/search-based-email

Documenting one user's conversion to Notmuch/mu from Thunderbird

Primary LanguageShell

Converting to Search-Based Email: Notmuch or mu

1. Questions

Here’s the most-important questions, given the purpose and the problem:

  1. Tools. Am I accurately assessing all available tools?

  2. User scenarios. What are the best tools, or trade-offs of each tool, for each user scenario?

  3. Workflows. Do you know a better workflow than what’s presented for any tool or usage scenario?

2. Purpose

2.1. Summary

I want to transition my email environment from a classic setup to a tag-and-index-based system (most likely Notmuch- or mu-based), and I’m seeking help.

  1. Near-term. I’m seeking significant feedback on this document from the Notmuch, mu, and related user communities. Most importantly, I seek answers to these questions.

  2. Longer-term. This document might be reusable by others, including future new users, if someone matures it moving forward. (In such case, the tone would change from being centered on my problems to a more-general-purpose document.) I couldn’t find similar content on the web. Please advise if I missed something.

With the right system, I’m hopeful I can make email management a much-less-time-consuming burden on my work…​ and my life.

2.2. Details

DISCLAIMER: this document may be in flux as I learn and attempt to master this domain.

Why write this doc instead of just trudging through the tool testing myself? Read on.

3. The Problem

I find email classification, recall, and translation to work/task tracking to be much more laborious than it should be. I expect the computer to be faster than me, and tailor to my preferred workflow. Instead, I’m constantly waiting for the computer, or forced to type or mouse-click inefficiently (I’m a vim-loving keyboard jockey), and/or experiencing a poor workflow.

More specifically:

  • My existing environment

    • At least 4300 IMAP-based email folders with 1MM (million) email messages served via multiple IMAP servers.

    • Primary MUA = Mozilla Thunderbird 17.0.11

    • Mac OS 10.9.5 (Mavericks)

See Appendix 2: More Problem Details and user scenarios for more context and requirements.

(An aside: why title this document "search-based email"? Suggestion from the community. It seems better than "tag-based email," my original title. I’ve also considered "index-based email," but "search" seems a bit more descriptive than "index," and less esoteric. I’m open to any title that best groks with the community.)

4. Possible Solutions

After reviewing currently-available tools, I’m seeking:

  1. fast search on my entire email-message/IMAP collection (my "email database"),

  2. to leverage search/index/tag-based email categorization, and

  3. provide easy extensibility with Linux and MacOSX command-line "primitives" or other, custom scripts/commands.

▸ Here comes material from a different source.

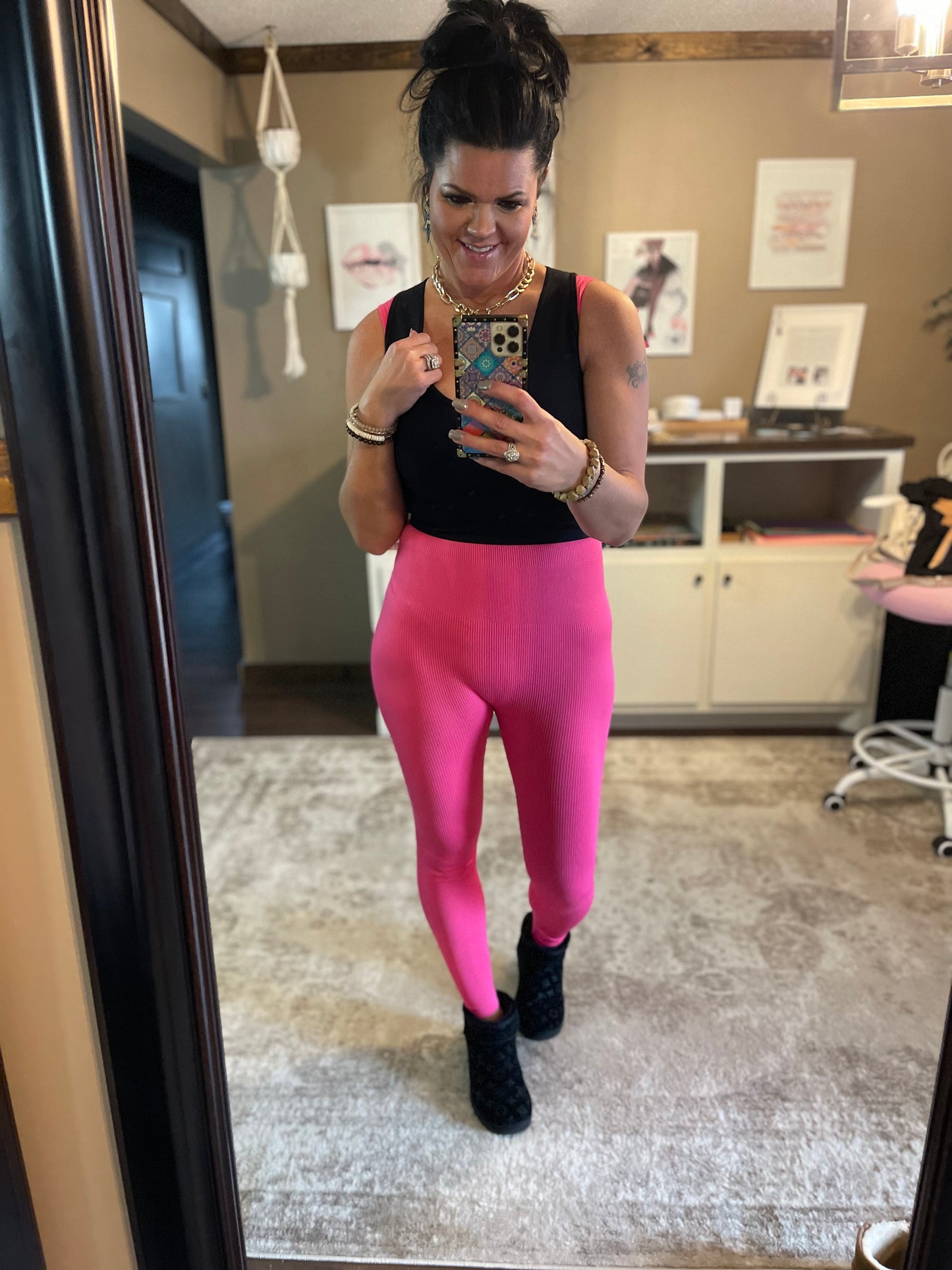 Whatever It Takes V-neck Catsuit (Hot Pink)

It’s fair to ask: did I come up with the above "requirements" by a) adjusting to features from currently-available tools, or b) by independently dreaming up my own specifications? More the former/(a). I’d much prefer Jarvis be my email interface, but he’s not currently (or at least not economically) available.

5. Tool Choices

5.1. Core tool choice - Indexing

My investigation thus far suggests the implementation path hinges on choosing 1 of the following 2 applications, as they seem to mutually-exclusively represent the best (or at least most-popular) of the core of email-message indexing and tagging tool suites:

Is this assessment accurate? What other tools/options might I be overlooking?

My comparison analysis:

  1. Initial tests show Notmuch performing approximately 15 times faster than mu.

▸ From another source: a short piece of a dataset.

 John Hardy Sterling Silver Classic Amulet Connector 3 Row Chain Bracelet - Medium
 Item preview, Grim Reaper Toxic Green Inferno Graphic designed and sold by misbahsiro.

  2. mu can embed its metadata (tags, etc) "natively" into the IMAP content/messages. Notmuch can not. However, muchsync (maybe other tools?) can replicate this metadata, but it takes additional process+infrastructure.

  3. #1 greatly outweighs #2. Because of this, Notmuch "wins" (with me), pending the retest results of #1 (above) and additional feedback from others.

What other trade-offs might motivate me to employ mu over Notmuch?

Since Notmuch won (for now), the rest of this document may be more Notmuch-specific.

5.2. IMAP-to-Maildir syncing

Notmuch seems to work best (or maybe requires?) the Maildir format. The following tools (presumably) all sync an IMAP server to a Maildir filesystem.

5.2.2. Choice

I’ve currently chosen mbsync, aka isync.

5.2.3. Comments

  • I’ve used mbsync more than any other tool listed here, and it’s thus far working nicely.

  • Search "mbsync vs offlineimap" to see more.

  • I understand getmail the least. It’s less referenced (on the web) for this usage/context than either offlineimap or mbsync. Why is this? Is it not a viable alternative to the above? getmail’s website seems to primarily (?) pitch it as a fetchmail replacement.

  • A seemingly-popuplar reference: "OfflineIMAP sucks," 2012-08-30

5.4. Auto-detect if IMAP resync needed

(I’ve not yet started this implementation.)

5.4.1. client→server checking

5.4.2. server→client checking

  • https://github.com/athoune/imapidle + some of my own Python scripting, which I’m hopeful will not be difficult.

  • mswatch

    • http://mswatch.sourceforge.net

    • requires IMAP-server-side shell access - difficult if not impossible to get for all my IMAP accounts.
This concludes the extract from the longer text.